The Eureka chapter of the NAACP posted a press release on their website on April 26 asking recruiters from Humboldt State University to stop going to majority-minority areas and recruiting students of color.
The press release listed several demands of the university changes and a call on the university to “forgo” the access to money that this recruitment opens up to the university.
In the press release the NAACP said “HSU recruiters continue to travel to minority-majority communities, with the intent to enroll more students of color. Yet there has been no consistent presence of HSU administrators at the monthly vigils organized and facilitated by the students and Charmaine Lawson, the mother of Josiah Lawson.”
The NAACP also expressed that HSU should be more transparent to students of color when it comes to racism in HSU.
“If HSU is ‘number one for Social Justice’ as advertised, the University must accept responsibility for the negative impacts of its actions and inactions on students of color immediately,” the NAACP said..
The NAACP also called out the college’s responsibility to protect students from “foreseeable violence on campus and in school-related activities off campus,” claiming that HSU was not taking action to do so.
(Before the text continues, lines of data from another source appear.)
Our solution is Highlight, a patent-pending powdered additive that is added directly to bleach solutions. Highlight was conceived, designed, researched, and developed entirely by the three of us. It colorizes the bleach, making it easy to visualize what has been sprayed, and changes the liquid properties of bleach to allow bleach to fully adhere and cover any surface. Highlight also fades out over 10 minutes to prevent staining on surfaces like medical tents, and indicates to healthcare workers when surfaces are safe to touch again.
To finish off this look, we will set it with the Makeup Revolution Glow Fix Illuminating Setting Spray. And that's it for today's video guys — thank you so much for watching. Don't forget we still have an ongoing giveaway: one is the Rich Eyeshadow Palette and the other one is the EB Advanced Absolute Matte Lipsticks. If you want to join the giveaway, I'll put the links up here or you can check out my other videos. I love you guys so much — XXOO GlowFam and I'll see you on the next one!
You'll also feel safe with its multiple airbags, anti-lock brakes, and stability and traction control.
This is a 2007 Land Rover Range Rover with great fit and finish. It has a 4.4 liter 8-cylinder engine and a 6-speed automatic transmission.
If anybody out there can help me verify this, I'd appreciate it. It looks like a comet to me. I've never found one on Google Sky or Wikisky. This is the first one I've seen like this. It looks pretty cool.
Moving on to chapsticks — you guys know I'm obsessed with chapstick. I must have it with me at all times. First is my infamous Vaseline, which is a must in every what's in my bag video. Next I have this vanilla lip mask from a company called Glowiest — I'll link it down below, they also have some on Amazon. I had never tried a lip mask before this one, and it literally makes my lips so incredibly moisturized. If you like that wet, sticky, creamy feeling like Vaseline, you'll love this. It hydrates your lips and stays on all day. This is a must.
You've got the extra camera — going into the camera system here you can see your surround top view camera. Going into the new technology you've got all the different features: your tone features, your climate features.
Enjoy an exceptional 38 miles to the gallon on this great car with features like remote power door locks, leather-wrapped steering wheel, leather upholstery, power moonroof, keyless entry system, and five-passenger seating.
This responsibility is based off a California Supreme Court ruling in March that colleges must protect their students from foreseeable violence in a classroom setting.
HSU President Lisa Rossbacher sent out a brief statement in response, expressing her thoughts on the NAACP’s press release.
“I was astonished that the Eureka NAACP chapter would suggest that HSU could or should stop recruiting students of color,” Rossbacher said in her statement. “HSU is deeply committed to diversity and equality, and that would be a giant step backward for the values and mission of this university.”
It‘s no secret to some that Humboldt State University’s administration has been facing criticism from students for lack of acknowledging racism around the campus, and its failure to protect students from the murder of HSU student Josiah Lawson to the students who have shared experience of rampant racism in Humboldt county.